Skip site navigation (1)Skip section navigation (2)
Date:      Wed, 10 Oct 2012 18:09:07 -0400 (EDT)
From:      Rick Macklem <rmacklem@uoguelph.ca>
To:        Nikolay Denev <ndenev@gmail.com>
Cc:        rmacklem@freebsd.org, Garrett Wollman <wollman@freebsd.org>, freebsd-hackers@freebsd.org
Subject:   Re: NFS server bottlenecks
Message-ID:  <1071150615.2039567.1349906947942.JavaMail.root@erie.cs.uoguelph.ca>
In-Reply-To: <B2CD757D-25D8-4353-8487-B3583EEC57FC@gmail.com>

next in thread | previous in thread | raw e-mail | index | archive | help
Nikolay Denev wrote:
> On Oct 10, 2012, at 3:18 AM, Rick Macklem <rmacklem@uoguelph.ca>
> wrote:
> 
> > Nikolay Denev wrote:
> >> On Oct 4, 2012, at 12:36 AM, Rick Macklem <rmacklem@uoguelph.ca>
> >> wrote:
> >>
> >>> Garrett Wollman wrote:
> >>>> <<On Wed, 3 Oct 2012 09:21:06 -0400 (EDT), Rick Macklem
> >>>> <rmacklem@uoguelph.ca> said:
> >>>>
> >>>>>> Simple: just use a sepatate mutex for each list that a cache
> >>>>>> entry
> >>>>>> is on, rather than a global lock for everything. This would
> >>>>>> reduce
> >>>>>> the mutex contention, but I'm not sure how significantly since
> >>>>>> I
> >>>>>> don't have the means to measure it yet.
> >>>>>>
> >>>>> Well, since the cache trimming is removing entries from the
> >>>>> lists,
> >>>>> I
> >>>>> don't
> >>>>> see how that can be done with a global lock for list updates?
> >>>>
> >>>> Well, the global lock is what we have now, but the cache trimming
> >>>> process only looks at one list at a time, so not locking the list
> >>>> that
> >>>> isn't being iterated over probably wouldn't hurt, unless there's
> >>>> some
> >>>> mechanism (that I didn't see) for entries to move from one list
> >>>> to
> >>>> another. Note that I'm considering each hash bucket a separate
> >>>> "list". (One issue to worry about in that case would be
> >>>> cache-line
> >>>> contention in the array of hash buckets; perhaps
> >>>> NFSRVCACHE_HASHSIZE
> >>>> ought to be increased to reduce that.)
> >>>>
> >>> Yea, a separate mutex for each hash list might help. There is also
> >>> the
> >>> LRU list that all entries end up on, that gets used by the
> >>> trimming
> >>> code.
> >>> (I think? I wrote this stuff about 8 years ago, so I haven't
> >>> looked
> >>> at
> >>> it in a while.)
> >>>
> >>> Also, increasing the hash table size is probably a good idea,
> >>> especially
> >>> if you reduce how aggressively the cache is trimmed.
> >>>
> >>>>> Only doing it once/sec would result in a very large cache when
> >>>>> bursts of
> >>>>> traffic arrives.
> >>>>
> >>>> My servers have 96 GB of memory so that's not a big deal for me.
> >>>>
> >>> This code was originally "production tested" on a server with
> >>> 1Gbyte,
> >>> so times have changed a bit;-)
> >>>
> >>>>> I'm not sure I see why doing it as a separate thread will
> >>>>> improve
> >>>>> things.
> >>>>> There are N nfsd threads already (N can be bumped up to 256 if
> >>>>> you
> >>>>> wish)
> >>>>> and having a bunch more "cache trimming threads" would just
> >>>>> increase
> >>>>> contention, wouldn't it?
> >>>>
> >>>> Only one cache-trimming thread. The cache trim holds the (global)

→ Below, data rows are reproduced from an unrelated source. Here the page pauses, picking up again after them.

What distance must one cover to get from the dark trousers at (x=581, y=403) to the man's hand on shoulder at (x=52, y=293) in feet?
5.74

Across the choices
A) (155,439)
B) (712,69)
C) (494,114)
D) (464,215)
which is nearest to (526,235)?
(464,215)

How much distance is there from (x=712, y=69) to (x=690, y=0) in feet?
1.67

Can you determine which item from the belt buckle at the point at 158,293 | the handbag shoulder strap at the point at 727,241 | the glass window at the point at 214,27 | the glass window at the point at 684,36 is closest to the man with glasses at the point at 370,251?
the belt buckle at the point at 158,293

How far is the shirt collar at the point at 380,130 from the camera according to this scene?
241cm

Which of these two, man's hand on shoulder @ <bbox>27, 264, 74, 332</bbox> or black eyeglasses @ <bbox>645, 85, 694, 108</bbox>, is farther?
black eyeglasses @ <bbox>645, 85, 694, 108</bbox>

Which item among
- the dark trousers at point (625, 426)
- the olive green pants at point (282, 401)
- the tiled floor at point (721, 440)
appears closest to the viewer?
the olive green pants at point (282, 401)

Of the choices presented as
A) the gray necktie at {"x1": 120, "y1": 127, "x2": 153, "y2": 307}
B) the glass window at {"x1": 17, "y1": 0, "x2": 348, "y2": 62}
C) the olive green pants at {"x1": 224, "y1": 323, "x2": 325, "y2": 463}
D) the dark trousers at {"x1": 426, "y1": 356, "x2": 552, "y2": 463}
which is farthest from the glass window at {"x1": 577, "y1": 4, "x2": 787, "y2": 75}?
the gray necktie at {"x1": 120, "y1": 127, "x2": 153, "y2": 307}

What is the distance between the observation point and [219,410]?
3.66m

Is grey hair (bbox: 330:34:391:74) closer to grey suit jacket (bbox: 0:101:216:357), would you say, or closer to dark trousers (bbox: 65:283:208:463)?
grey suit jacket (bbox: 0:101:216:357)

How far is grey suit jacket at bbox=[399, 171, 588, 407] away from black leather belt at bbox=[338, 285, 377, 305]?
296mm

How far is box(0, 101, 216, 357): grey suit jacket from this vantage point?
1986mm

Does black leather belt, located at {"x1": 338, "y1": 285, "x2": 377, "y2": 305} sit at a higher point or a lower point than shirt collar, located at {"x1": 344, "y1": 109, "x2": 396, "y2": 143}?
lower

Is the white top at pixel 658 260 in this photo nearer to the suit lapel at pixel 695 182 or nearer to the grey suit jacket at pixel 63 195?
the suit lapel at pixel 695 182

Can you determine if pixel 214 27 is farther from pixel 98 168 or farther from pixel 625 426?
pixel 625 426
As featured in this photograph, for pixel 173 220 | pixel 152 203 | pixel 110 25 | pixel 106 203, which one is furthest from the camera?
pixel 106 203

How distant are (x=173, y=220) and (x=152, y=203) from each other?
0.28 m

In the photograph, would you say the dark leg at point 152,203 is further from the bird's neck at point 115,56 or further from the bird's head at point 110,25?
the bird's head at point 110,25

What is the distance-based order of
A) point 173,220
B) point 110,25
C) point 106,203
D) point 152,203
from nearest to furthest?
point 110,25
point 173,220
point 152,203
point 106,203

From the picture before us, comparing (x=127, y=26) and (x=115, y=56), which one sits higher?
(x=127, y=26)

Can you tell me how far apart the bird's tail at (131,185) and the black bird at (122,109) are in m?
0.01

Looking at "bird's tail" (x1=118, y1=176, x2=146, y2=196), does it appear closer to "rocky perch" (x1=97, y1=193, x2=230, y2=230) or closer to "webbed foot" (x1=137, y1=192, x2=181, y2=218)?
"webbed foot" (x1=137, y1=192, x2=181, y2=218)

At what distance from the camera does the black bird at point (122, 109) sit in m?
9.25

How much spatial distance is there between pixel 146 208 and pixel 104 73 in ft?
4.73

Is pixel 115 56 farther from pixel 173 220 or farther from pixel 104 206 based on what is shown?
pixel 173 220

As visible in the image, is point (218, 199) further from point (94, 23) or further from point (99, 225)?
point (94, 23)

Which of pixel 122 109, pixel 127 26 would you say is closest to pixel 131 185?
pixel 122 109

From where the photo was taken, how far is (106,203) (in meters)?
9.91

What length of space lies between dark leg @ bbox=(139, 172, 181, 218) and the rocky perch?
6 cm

> >>>> mutex for much longer than any individual nfsd service thread has
> >>>> any
> >>>> need to, and having N threads doing that in parallel is why it's
> >>>> so
> >>>> heavily contended. If there's only one thread doing the trim,
> >>>> then
> >>>> the nfsd service threads aren't spending time either contending
> >>>> on
> >>>> the
> >>>> mutex (it will be held less frequently and for shorter periods).
> >>>>
> >>> I think the little drc2.patch which will keep the nfsd threads
> >>> from
> >>> acquiring the mutex and doing the trimming most of the time, might
> >>> be
> >>> sufficient. I still don't see why a separate trimming thread will
> >>> be
> >>> an advantage. I'd also be worried that the one cache trimming
> >>> thread
> >>> won't get the job done soon enough.
> >>>
> >>> When I did production testing on a 1Gbyte server that saw a peak
> >>> load of about 100RPCs/sec, it was necessary to trim aggressively.

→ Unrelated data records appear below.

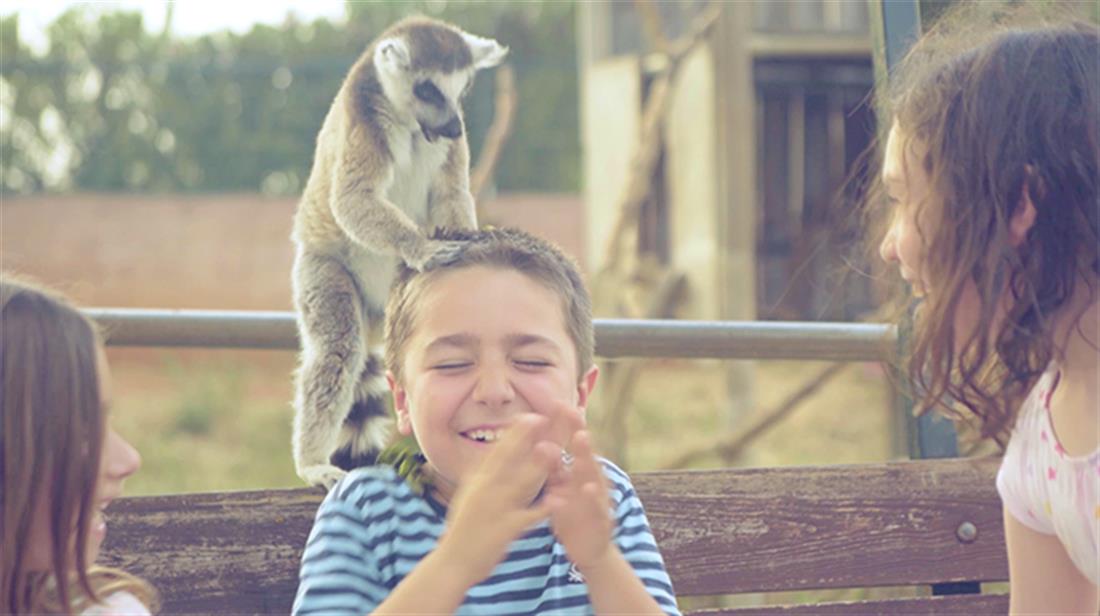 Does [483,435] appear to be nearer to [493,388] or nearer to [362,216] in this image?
[493,388]

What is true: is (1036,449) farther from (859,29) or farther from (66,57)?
(66,57)

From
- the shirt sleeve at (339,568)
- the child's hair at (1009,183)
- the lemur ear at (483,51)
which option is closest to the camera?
the shirt sleeve at (339,568)

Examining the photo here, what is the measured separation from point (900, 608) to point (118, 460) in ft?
3.84

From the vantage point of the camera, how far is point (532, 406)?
4.96 ft

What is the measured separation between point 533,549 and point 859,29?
6363 millimetres

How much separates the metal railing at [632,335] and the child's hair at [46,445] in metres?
0.62

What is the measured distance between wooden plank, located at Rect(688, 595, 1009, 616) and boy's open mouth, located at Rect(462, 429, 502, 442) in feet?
1.61

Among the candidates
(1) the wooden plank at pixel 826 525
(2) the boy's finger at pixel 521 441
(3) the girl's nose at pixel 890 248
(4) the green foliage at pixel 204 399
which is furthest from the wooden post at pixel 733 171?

> >>> (Although I'd be tempted to say that a server with 1Gbyte is no
> >>> longer relevant, I recently recall someone trying to run FreeBSD
> >>> on a i486, although I doubt they wanted to run the nfsd on it.)
> >>>
> >>>>> The only negative effect I can think of w.r.t. having the nfsd
> >>>>> threads doing it would be a (I believe negligible) increase in
> >>>>> RPC
> >>>>> response times (the time the nfsd thread spends trimming the
> >>>>> cache).
> >>>>> As noted, I think this time would be negligible compared to disk
> >>>>> I/O
> >>>>> and network transit times in the total RPC response time?
> >>>>
> >>>> With adaptive mutexes, many CPUs, lots of in-memory cache, and
> >>>> 10G
> >>>> network connectivity, spinning on a contended mutex takes a
> >>>> significant amount of CPU time. (For the current design of the
> >>>> NFS
> >>>> server, it may actually be a win to turn off adaptive mutexes --
> >>>> I
> >>>> should give that a try once I'm able to do more testing.)
> >>>>
> >>> Have fun with it. Let me know when you have what you think is a
> >>> good
> >>> patch.
> >>>
> >>> rick
> >>>
> >>>> -GAWollman
> >>>> _______________________________________________
> >>>> freebsd-hackers@freebsd.org mailing list
> >>>> http://lists.freebsd.org/mailman/listinfo/freebsd-hackers
> >>>> To unsubscribe, send any mail to
> >>>> "freebsd-hackers-unsubscribe@freebsd.org"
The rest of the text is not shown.